WHAT IS NEEDED: The records below are to be copied word for word, with every picture left out.
■ ■ ■ ■ ■
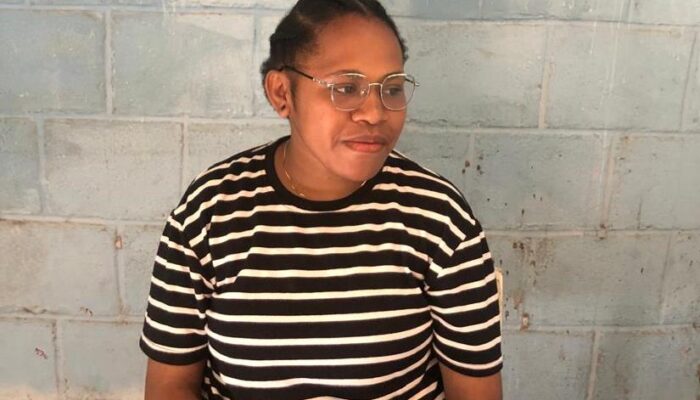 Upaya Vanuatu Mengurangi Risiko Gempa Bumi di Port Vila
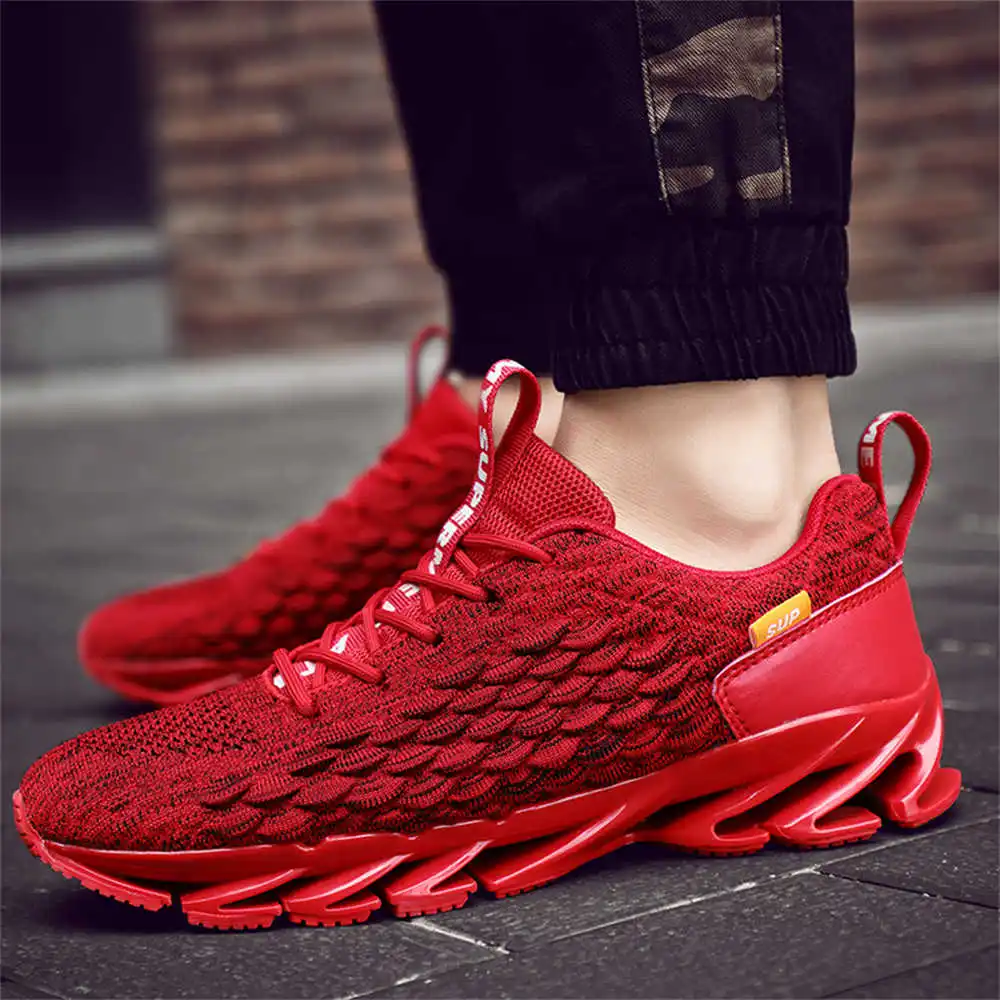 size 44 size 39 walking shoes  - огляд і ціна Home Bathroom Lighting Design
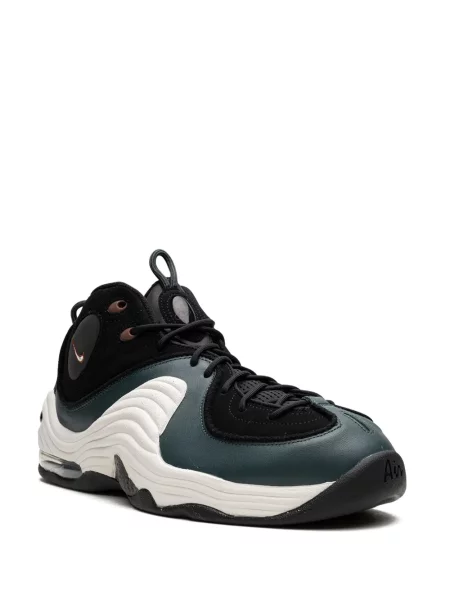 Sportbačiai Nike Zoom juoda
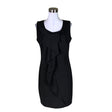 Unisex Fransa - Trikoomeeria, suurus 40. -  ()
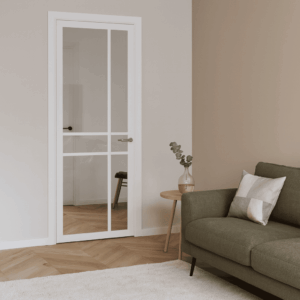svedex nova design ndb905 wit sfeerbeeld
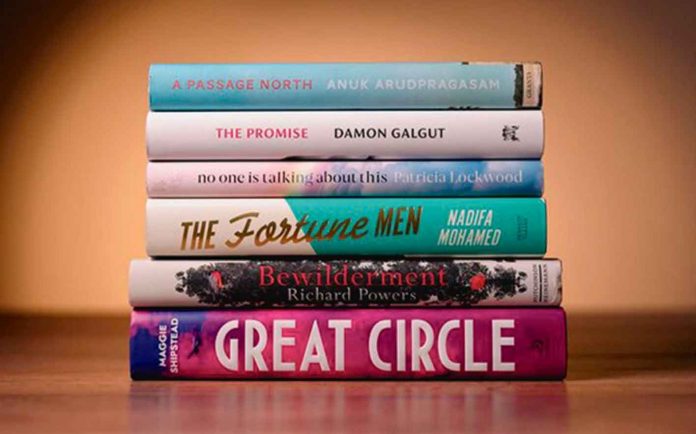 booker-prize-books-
■ ■ ■ ■ ■
EXERCISE OUTPUT:
 Upaya Vanuatu Mengurangi Risiko Gempa Bumi di Port Vila
 size 44 size 39 walking shoes  - огляд і ціна Home Bathroom Lighting Design
 Sportbačiai Nike Zoom juoda
 Unisex Fransa - Trikoomeeria, suurus 40. -  ()
svedex nova design ndb905 wit sfeerbeeld
 booker-prize-books-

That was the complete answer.